Construction & Procurement Fraud
Federal and state Governments spend billions of dollars each year on a wide variety of construction projects, ranging from highways and bridges to government office buildings and federally subsidized private homes. These massive government construction programs have been a frequent target for fraud. Some of the most common types of fraud involving government construction contracts include:
- Falsifying Minority Contractor Status
- Illegal Kickbacks
- Overcharging Materials
- Overcharging Man Hours
- Substandard Materials
- Substandard Workmanship
- Failing to follow contract specifications
- Falsified Progress Reports and Documents
In addition to fraud involving construction projects, the government has also been the victim of fraudulent and false claims in connection with the procurement of goods, materials and services. Each year, federal and state governments spend billions of dollars purchasing goods, materials and services for use by government workers and in various government programs. These items include such things as: computers; office equipment, office space; vehicles; construction equipment; fuel; food; security services; and consulting services. Each time the federal or state governments spend money purchasing or procuring goods, materials or services there is a potential for fraudulent or false claims. Some common types of fraud include: bid-rigging; overcharging; providing used or sub-standard goods or materials; or failing to follow contract specifications.
Financial Industry Fraud
- Ponzi schemes, in which investors are paid with their own funds or those of other investors, instead of with profits from their investments.
- Front running, in which a trader (often operating the trading venue itself) is aware of pending customer orders for a security and buys or sells unfairly.
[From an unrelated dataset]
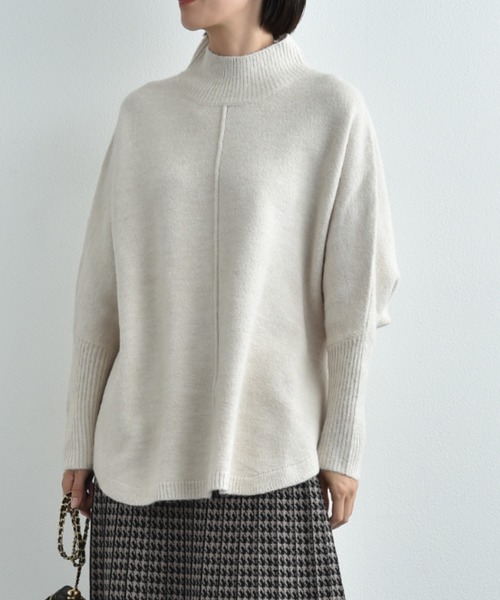 INTERPLANET（インタープラネット）の「ハイネックドルマンロングニット（ニット/セーター・レディース・ベージュ/オフホワイト/チャコールグレー・FREE）」の21枚目の写真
- Accounting fraud, in which accountants fail to identify false information made by clients regarding their financial status.
- Outright theft from investors (embezzlement by stockholders).
- Pump-and-dump schemes and stock manipulation, including false statements regarding a public company’s financial reports and lying to corporate auditors.
- Mutual fund fraud, which entails deceptive acts that disadvantage customer investors in these funds.
- Insider trading, in which trades are made based on information not disclosed to the public and acquired from a company insider or related party.